• _EXERCISE BRIEF_:
Where a picture appears, leave it out, and print the rest of the records as they are.

• _TASK INPUT_:
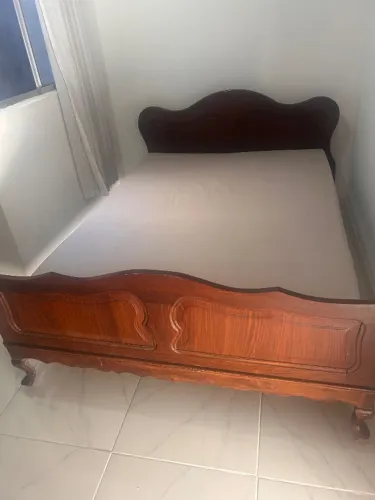 Cama em Maísa maciça, peça únicaz, igual na há, peca exclusiva, valor 5000,00 achei oferta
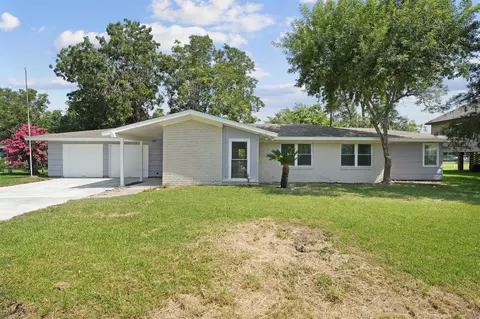 606 Meadowlawn St, La Porte, TX 77571
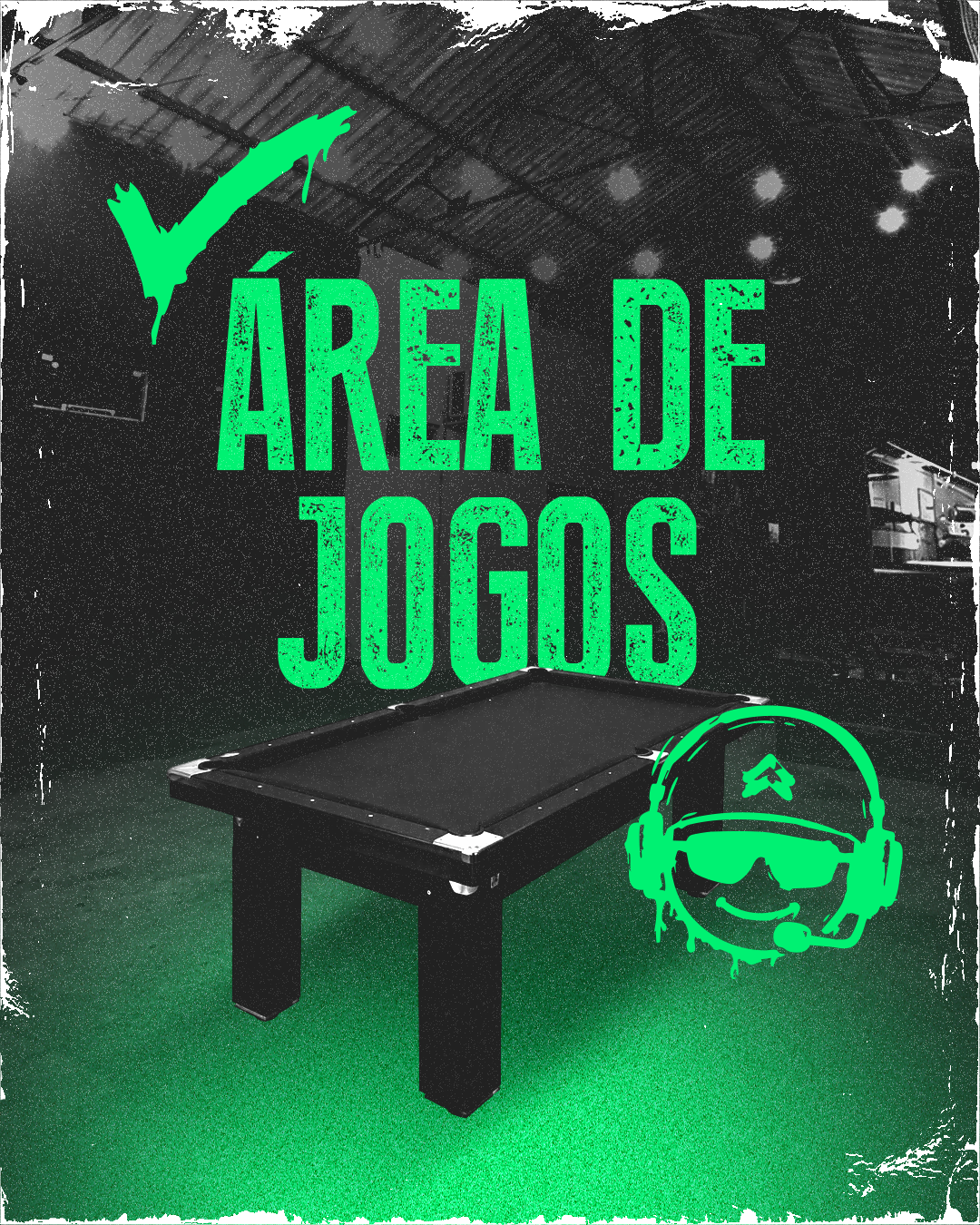 Área de jogos com sinuca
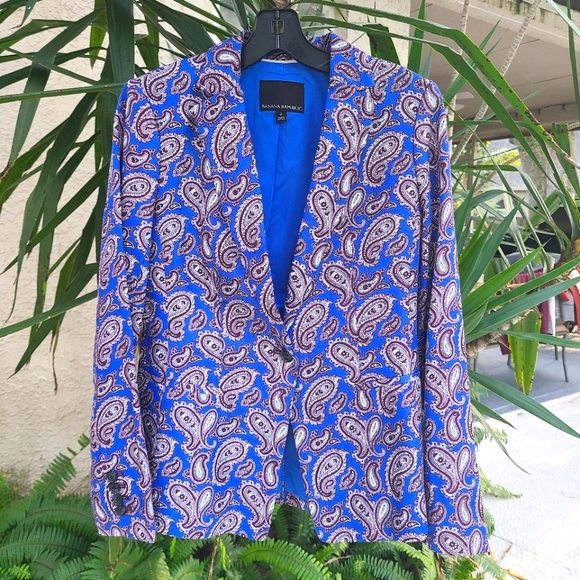Banana Republic Jackets & Blazers - Banana Republic Blazer size 2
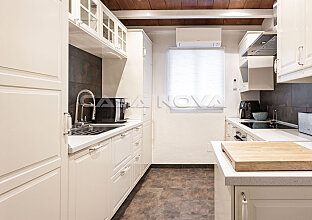 Ref. 2303298 | Modern fitted kitchen with electrical appliances
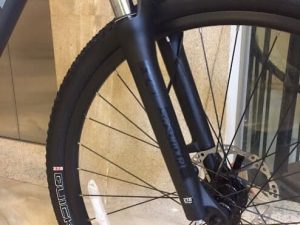 Xe-Dap-The-Thao-27.5-Inch-Giant-ATX-810-2021-banh-xe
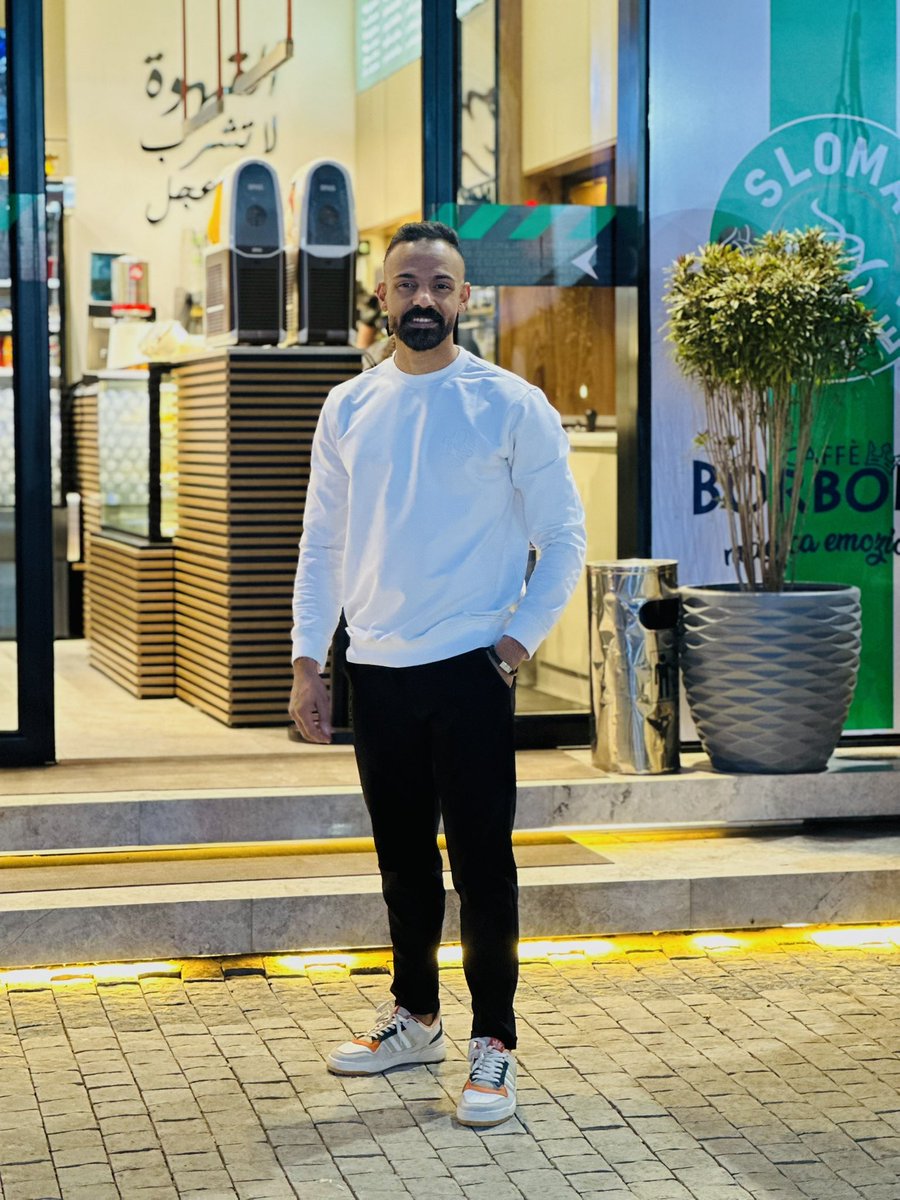 #NewProfilePic 

الحمد الله ❤️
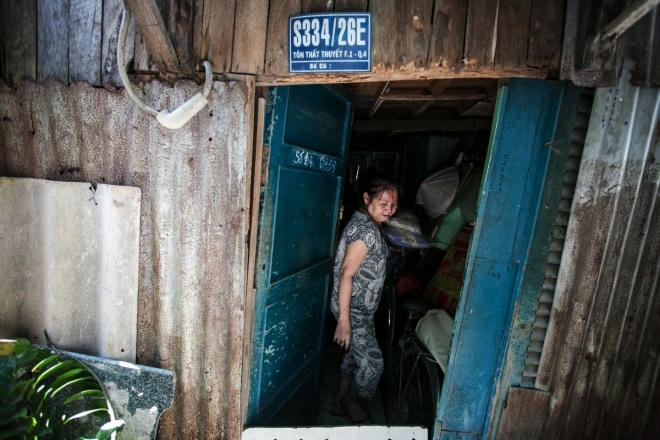 Nhà nhỏ nhưng chứa nhiều đồ đạc và xuống cấp nên 4 đứa con của bà Tô Thủy Tuyết Mai đã thuê nơi khác ở, nhà chỉ còn lại mình bà. "Tôi ở đây đã gần nửa đời người. Căn nhà cũng đã dựng gần chục năm nay. Nhiều lúc muốn sửa sang lại nhưng không có tiền", bà Mai giãi bày.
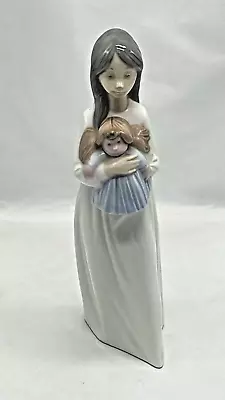 NAO By Lladro Figurine Girl With Doll DAISA 1990 #575 • £15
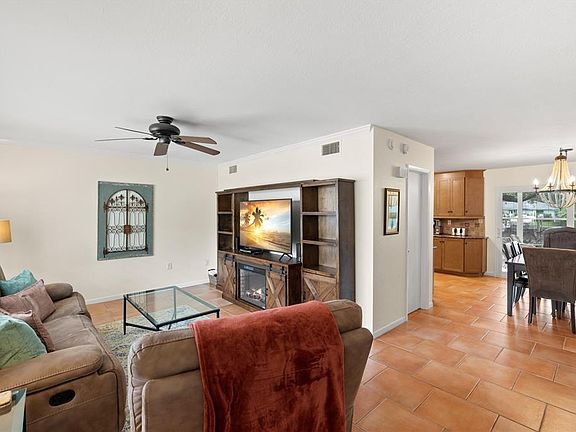 4th image of 6257 Cape Hatteras Way NE APT 6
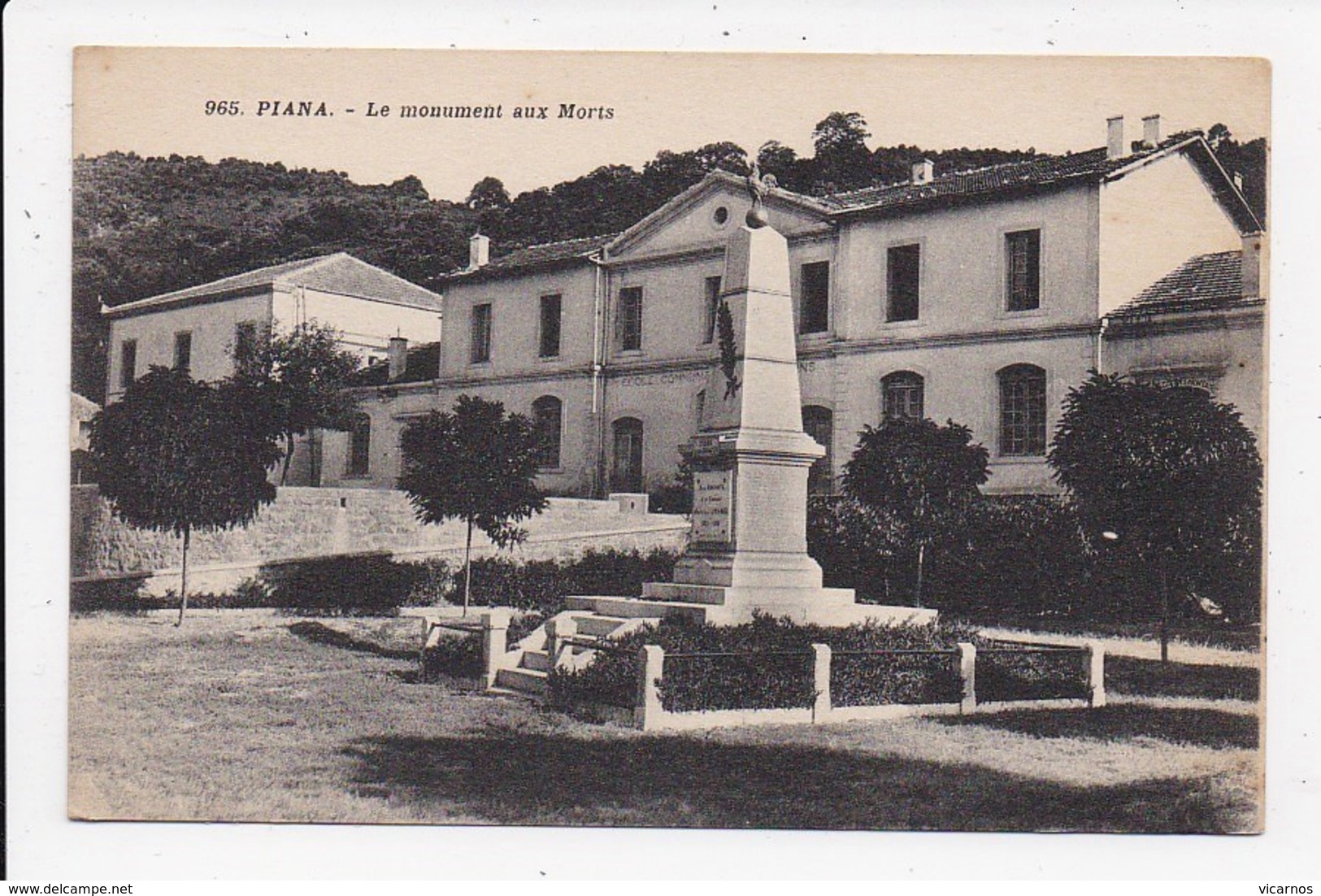 CPA 20 2A PIANA Le Monument Aux Morts - Autres & Non Classés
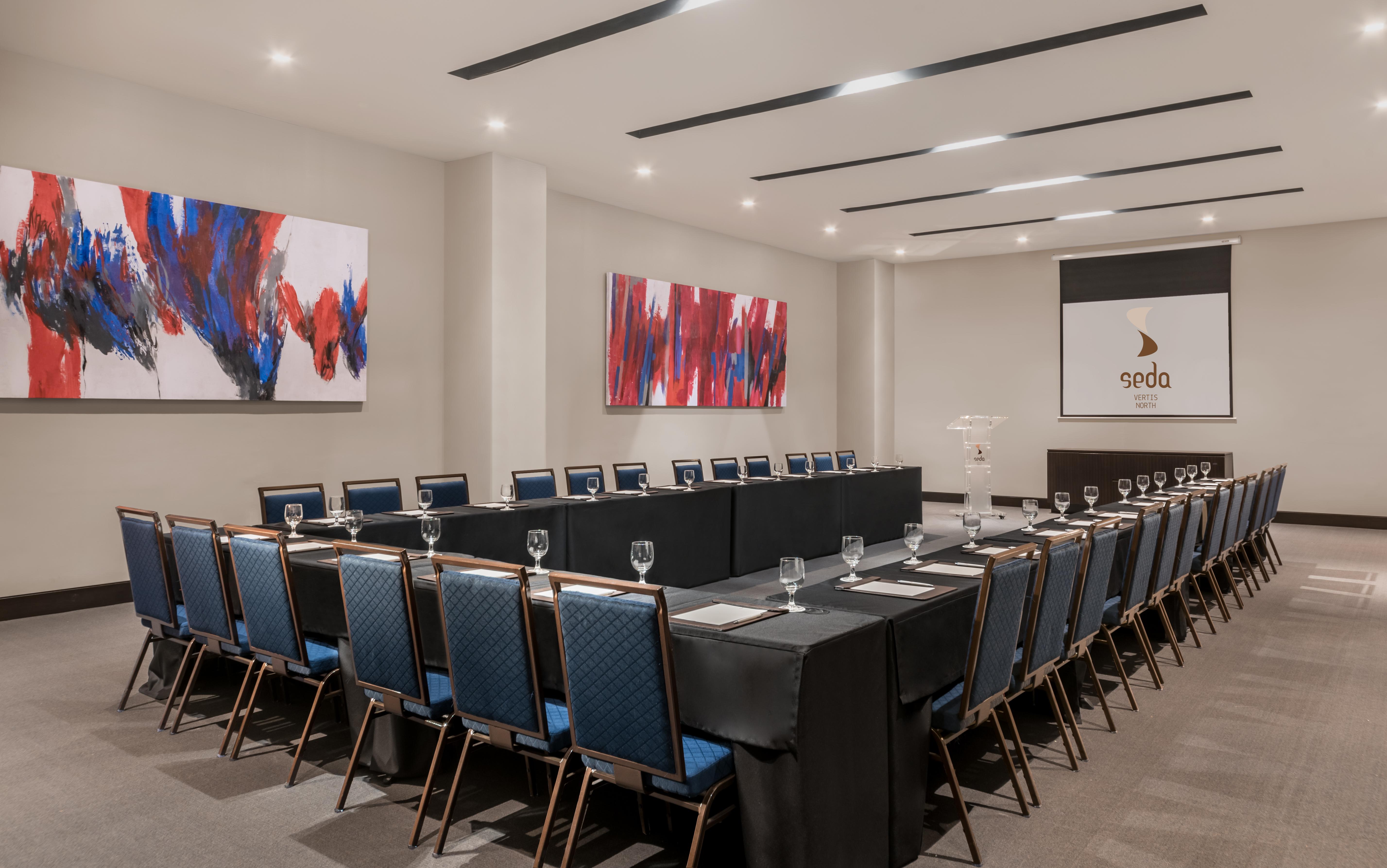 Seda Vertis North Quezón by Eksteriør bilde Meeting room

• _ANSWER TO THE PROBLEM_:
 Cama em Maísa maciça, peça únicaz, igual na há, peca exclusiva, valor 5000,00 achei oferta
 606 Meadowlawn St, La Porte, TX 77571
 Área de jogos com sinuca
Banana Republic Jackets & Blazers - Banana Republic Blazer size 2
 Ref. 2303298 | Modern fitted kitchen with electrical appliances
 Xe-Dap-The-Thao-27.5-Inch-Giant-ATX-810-2021-banh-xe
 #NewProfilePic 

الحمد الله ❤️
 Nhà nhỏ nhưng chứa nhiều đồ đạc và xuống cấp nên 4 đứa con của bà Tô Thủy Tuyết Mai đã thuê nơi khác ở, nhà chỉ còn lại mình bà. "Tôi ở đây đã gần nửa đời người. Căn nhà cũng đã dựng gần chục năm nay. Nhiều lúc muốn sửa sang lại nhưng không có tiền", bà Mai giãi bày.
 NAO By Lladro Figurine Girl With Doll DAISA 1990 #575 • £15
 4th image of 6257 Cape Hatteras Way NE APT 6
 CPA 20 2A PIANA Le Monument Aux Morts - Autres & Non Classés
 Seda Vertis North Quezón by Eksteriør bilde Meeting room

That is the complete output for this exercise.